Las hormonas son expulsadas directamente a la sangre en respuesta a un estimulo del sistema nervioso. Según los niveles específicos en la sangre de glucosa, sodio, agua, otras hormonas, calcio y otras sustancias, el sistema endocrino envía las hormonas necesarias.
Las hormonas viajan por todo el organismo y en su camino encuentran ciertos receptores específicos uniéndose a ellos y produciendo una acción o reacción especifica; por ejemplo la insulina (hormona producida por el páncreas) se asocia a la glucosa (receptor) para que esta pueda ser asimilada por las células. Sin la insulina, las células no podrían asimilar la glucosa.
Las glándulas endocrinas más importantes son: la tiroides, la pituitaria, las para tiroides, el timo, las suprarrenales, el páncreas, y las gónadas (ovarios en las mujeres y testículos en los hombres). Y también otros órganos producen hormonas como el cerebro, los rIñones, los pulmones, el corazón y el intestino.
Debido a que el sistema endocrino está íntimamente relacionado (interconectado), los cambios en una de las glándulas ocasionan cambios en todo el sistema que permiten mantener el equilibrio del sistema mismo.
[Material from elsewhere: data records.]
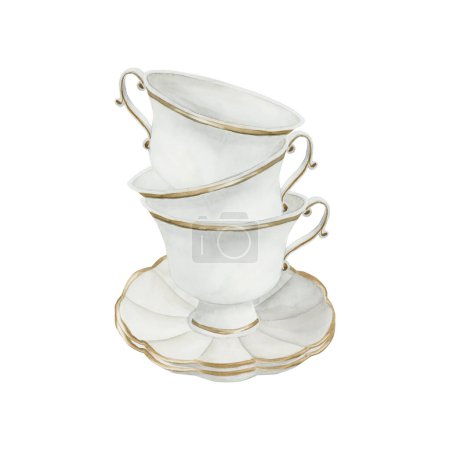 Photo for Composition of three white porcelain tea cups and saucers with gilded rim, Victorian style. Watercolor illustration hand painted isolated on white background. Perfect for invitations, greeting cards, labels, wallpapers, wrappers, fabrics, textile - Royalty Free Image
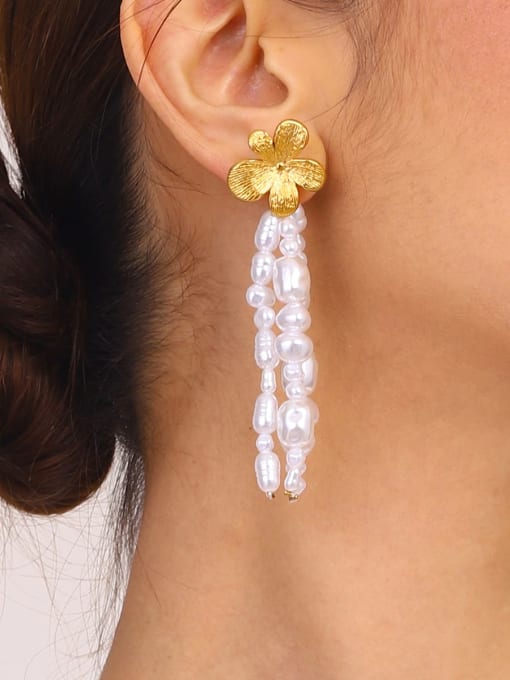 J&D Stainless steel Imitation Pearl Flower Hip Hop Drop Earring 1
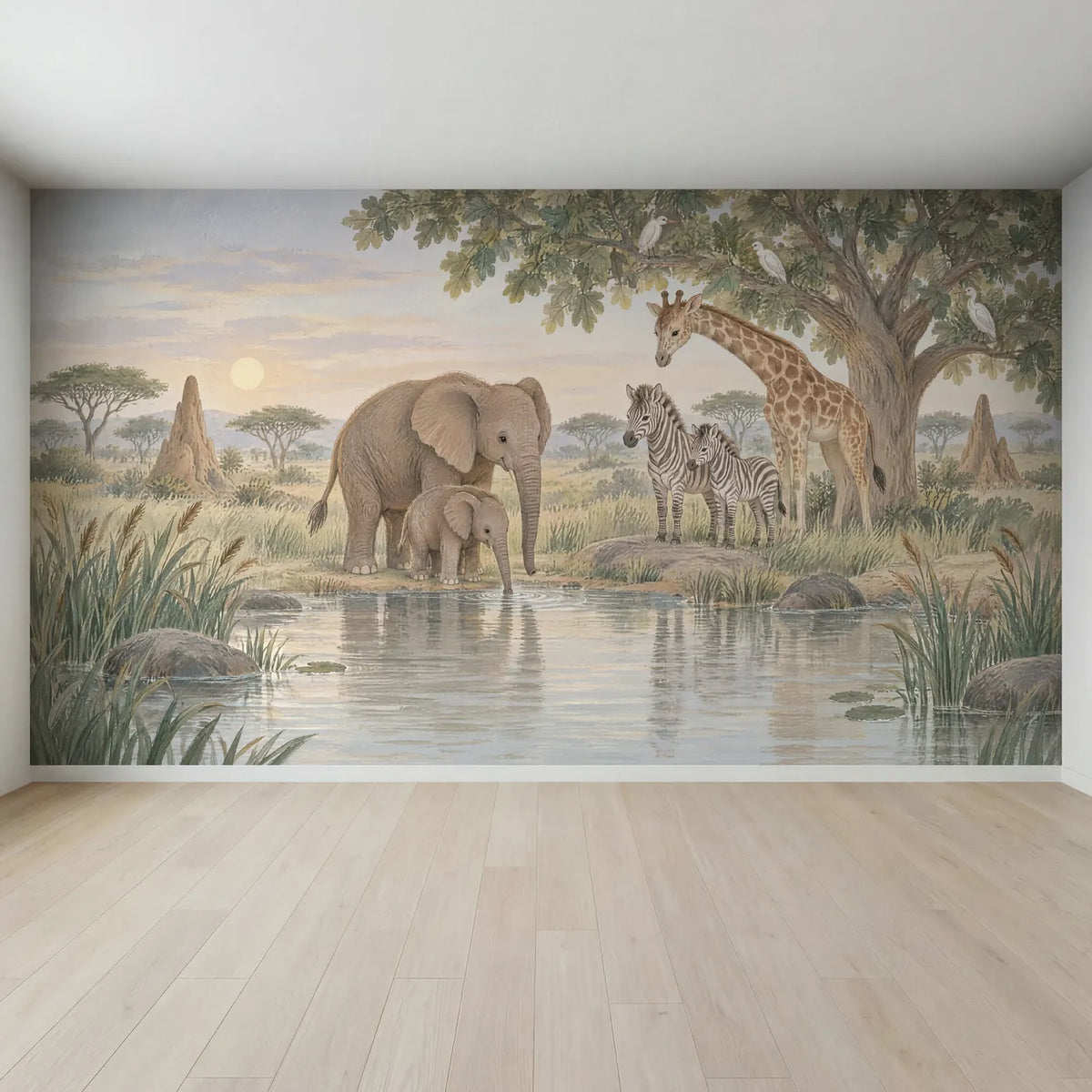 Gouache safari watering hole wall mural for a bedroom, full mural design, by Whimsy Tots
El páncreas produce la hormona llamada insulina encargada de que la glucosa pueda ser absorbida y asimilada por las células, de tal forma que después de una comida, se elevan los niveles de glucosa lo cual hace que el páncreas produzca insulina con la cual el organismo absorbe la glucosa y la pasa a la sangre. Esta a su vez distribuye la glucosa por todas las células y una vez más la insulina contribuye facilitando que estas puedan asimilar la glucosa.